To a Better Franklin County

on Friday, 01 April 2022.

Dear Readers:

I want to tell you a tale today of why you must continue to be suspicious of government. This is true, be it Franklin County, our School System, State or Federal government. I know I am not alone in this thinking. The demands for ever more money will almost always outstrip any increase in your income. The first part of today’s message is some history. Then I’ll get more specific.

The US government spends money it does not have like a drunken sailor on its first liberty in six months. Whether hearing numbers expressed in the millions, billions or trillions, the numbers are too large for most of us to comprehend. Large numbers of people tune out as they can’t understand those incredibly large numbers continually being thrown around. The problem is it's just not our national government, but every level of government is spending money beyond their means. This runs the gamut from inflated county budgets to over-the-top state budgets, to finally, the United States budget itself. This later, is no longer a budget at all, just a make-believe set of numbers that is supposed to comfort us that somewhere, somehow, the green-eyeshade people are keeping the numbers in check and balancing the budget.

No such luck.

The problem we are confronting is that government runs its own Ponzi scheme. Al Capone would see through the scam right away. He’d see the various transfer of monies from the Mob (US Government) to Judges, Police Departments, and Politicians (state and local governments) as nothing more than the price of doing business to achieve a certain level of protection through association. It wasn’t always this way. Something happened along the way that made all of this sleight-of-hand possible.

I believe it was four things:

  • The absence of term limits
  • The 17th Amendment
  • Federal Revenue Sharing
  • The lack of a Balanced Budget Amendment

I go into much more detail on the above in my weekly blogs at www.1plus1equals2.com if you are interested. But, back to Franklin County.

Like many things in life, there are governing principles that help you understand the how and why of all the moving pieces that at first are just baffling. But, if it is, understand that government exists principally for those who have jobs and political positions within those entities and that the term ‘Public Servant’ largely no longer applies, then things start to make sense. It must be said that many people working in Franklin County government want to believe they are real Public Servants and work hard in their vital roles. But they are sucked up, like so much dust in a whirlwind into a system that promotes internal loyalty to each other –even more than to their constituents- and onto a path that can lead to higher levels of comfort and security, not available to the majority of the citizens who live here.

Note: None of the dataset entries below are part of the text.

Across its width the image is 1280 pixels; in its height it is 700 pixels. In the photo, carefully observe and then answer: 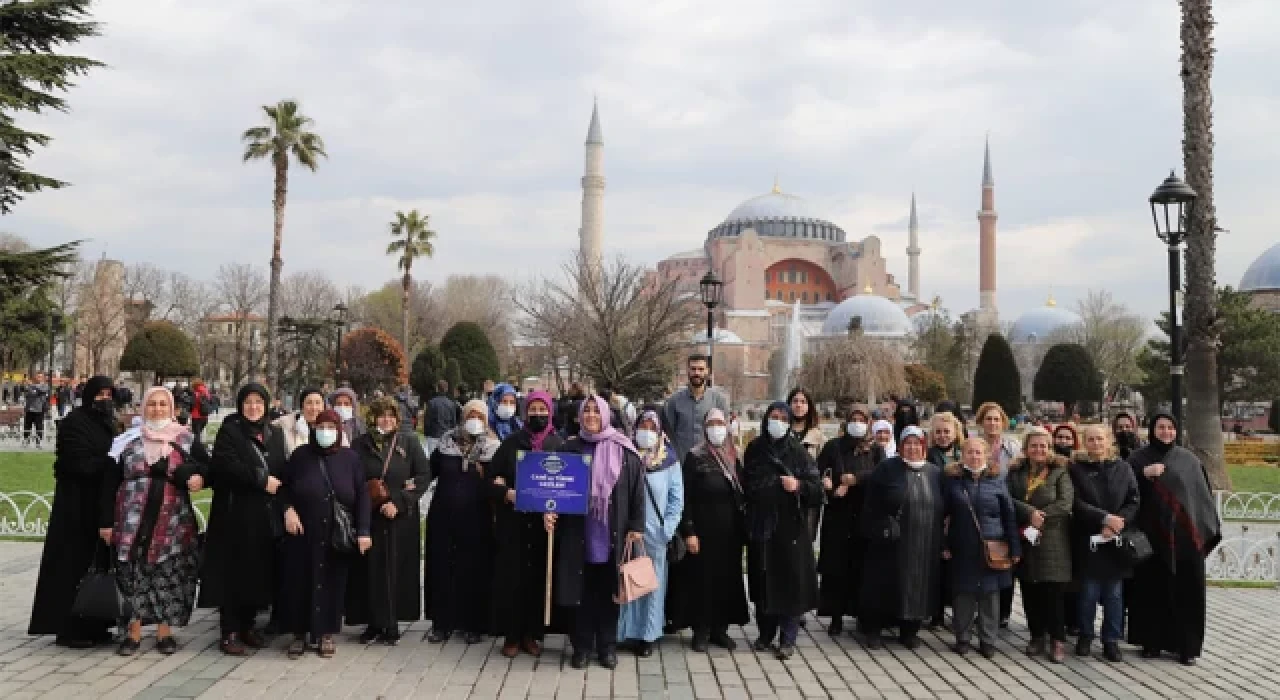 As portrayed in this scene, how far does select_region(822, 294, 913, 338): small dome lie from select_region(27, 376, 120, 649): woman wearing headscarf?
62453 mm

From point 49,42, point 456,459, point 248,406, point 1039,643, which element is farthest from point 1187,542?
point 49,42

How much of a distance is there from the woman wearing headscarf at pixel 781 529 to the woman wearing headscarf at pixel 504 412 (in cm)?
215

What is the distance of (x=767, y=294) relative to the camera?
83.1 meters

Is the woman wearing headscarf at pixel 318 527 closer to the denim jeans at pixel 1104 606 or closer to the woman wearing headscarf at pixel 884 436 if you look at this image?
the woman wearing headscarf at pixel 884 436

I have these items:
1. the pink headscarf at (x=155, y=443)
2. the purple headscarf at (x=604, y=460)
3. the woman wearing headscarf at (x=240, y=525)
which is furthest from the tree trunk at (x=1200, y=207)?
the pink headscarf at (x=155, y=443)

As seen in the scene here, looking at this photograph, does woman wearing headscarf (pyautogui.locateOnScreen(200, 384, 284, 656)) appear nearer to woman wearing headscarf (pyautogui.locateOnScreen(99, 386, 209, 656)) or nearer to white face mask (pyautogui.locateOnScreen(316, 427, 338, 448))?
woman wearing headscarf (pyautogui.locateOnScreen(99, 386, 209, 656))

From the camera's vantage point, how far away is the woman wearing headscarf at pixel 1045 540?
6043mm

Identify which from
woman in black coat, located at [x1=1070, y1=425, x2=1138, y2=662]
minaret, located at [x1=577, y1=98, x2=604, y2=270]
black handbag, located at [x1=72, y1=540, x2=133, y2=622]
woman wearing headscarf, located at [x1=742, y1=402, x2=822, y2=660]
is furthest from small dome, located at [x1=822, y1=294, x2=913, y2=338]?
black handbag, located at [x1=72, y1=540, x2=133, y2=622]

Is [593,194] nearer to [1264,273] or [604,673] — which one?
[1264,273]

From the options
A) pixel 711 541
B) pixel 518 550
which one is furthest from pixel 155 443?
pixel 711 541

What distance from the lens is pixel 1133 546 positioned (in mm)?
5977

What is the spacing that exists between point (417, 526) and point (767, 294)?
3084 inches

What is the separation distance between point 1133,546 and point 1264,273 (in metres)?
61.2

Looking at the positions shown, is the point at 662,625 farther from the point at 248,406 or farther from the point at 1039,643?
the point at 248,406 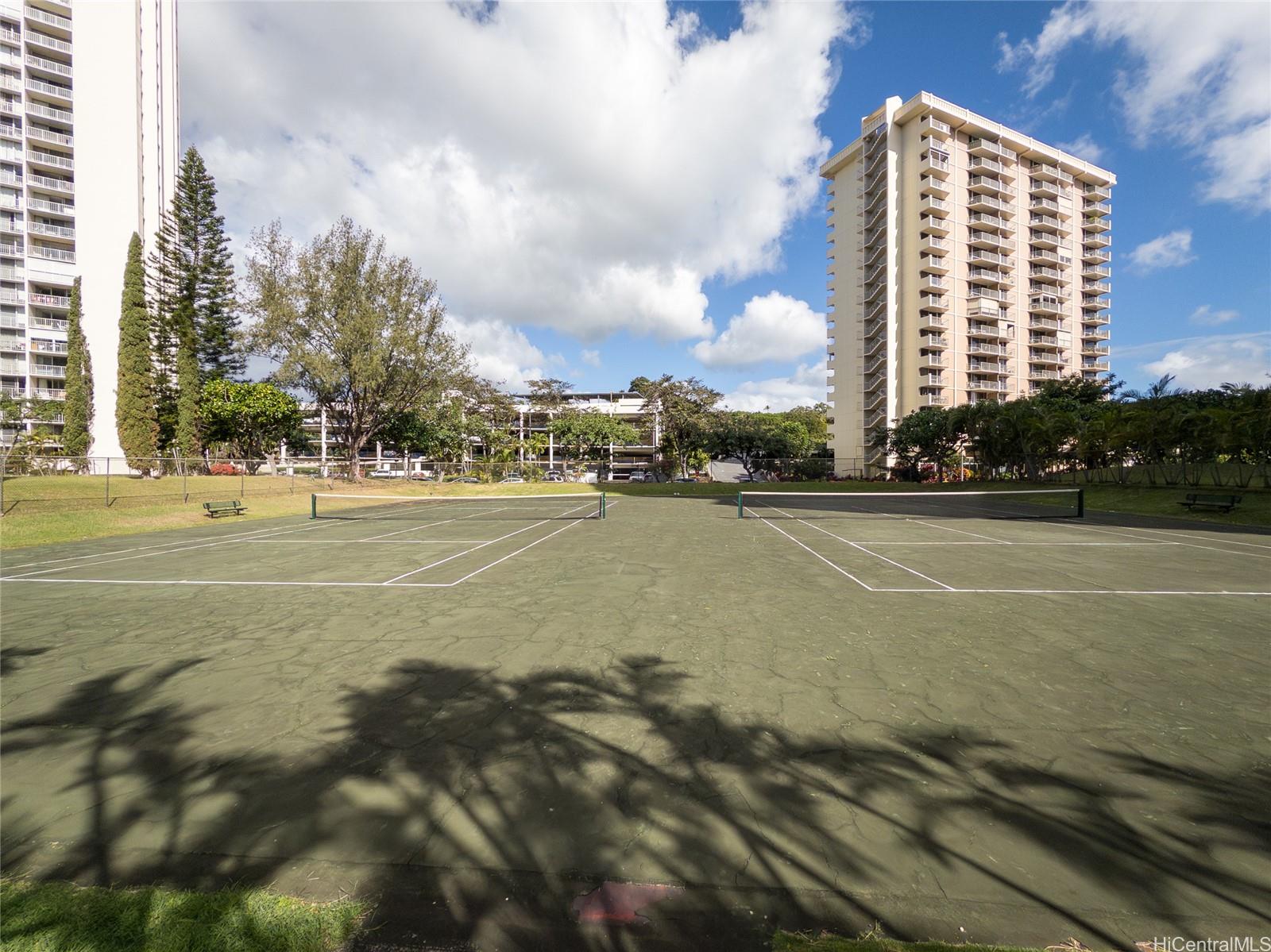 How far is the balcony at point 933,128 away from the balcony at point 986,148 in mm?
4322

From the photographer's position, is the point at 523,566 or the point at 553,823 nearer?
the point at 553,823

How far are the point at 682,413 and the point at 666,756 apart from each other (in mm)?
63751

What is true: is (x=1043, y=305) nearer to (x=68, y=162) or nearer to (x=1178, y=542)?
(x=1178, y=542)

Strong words. Let me put some meat on the bone so you can decide if my assertions are nothing more than hyperbole:

  1. Weems Hospital. The definition of a hospital is:

    • “An institution which is managed, staffed and equipped for providing healthcare services, including inpatient care, surgery, emergent, and urgent care, and has facilities for the diagnosis and treatment of disease.”

    • Weems provides basic emergency services utilizing a contracted Emergency Medical company that also acts on occasion as the hospitalist. Most of these Doctors, if not all are just General Practitioners, not Emergency Medical specialists. Weems performs no regular surgery, has no specialists like a Radiologist on staff or providers for any other services expected at real hospitals. Weems loses millions of operating dollars a year and depends on sales tax money and many, many undependable grants to fill in their extensive financial gaps, while still providing only minimal services to patients. That economic fact that has not changed in the past year is that high-priced Alliant consulting has been involved. We believe your chances of dying at Weems under many life- threatening scenarios are much greater than at other full-service hospitals.

    • Why does it exist then? Weems averages less than one inpatient per day, by their own statistics. The facility has become a very expensive county jobs program for well over a hundred people. Commissioners have traded a jobs program vs. better healthcare and positive outcomes in Franklin County. Don’t let them fool you on that point and the even bigger lie that a long-promised new hospital will turn anything around. That will just cost more.

  2. County Pay

    • The average county employee received a 10-20 percent raise this year on average with built-in increases coming next year and the year after to reach “parity” with other similar counties. At least that’s the story. Franklin County employees, especially Constitutionals are in some cases, overstaffed and overpaid for the number of hours worked and the benefits packages they receive. Plus, for many, their jobs are essentially lifetime employment.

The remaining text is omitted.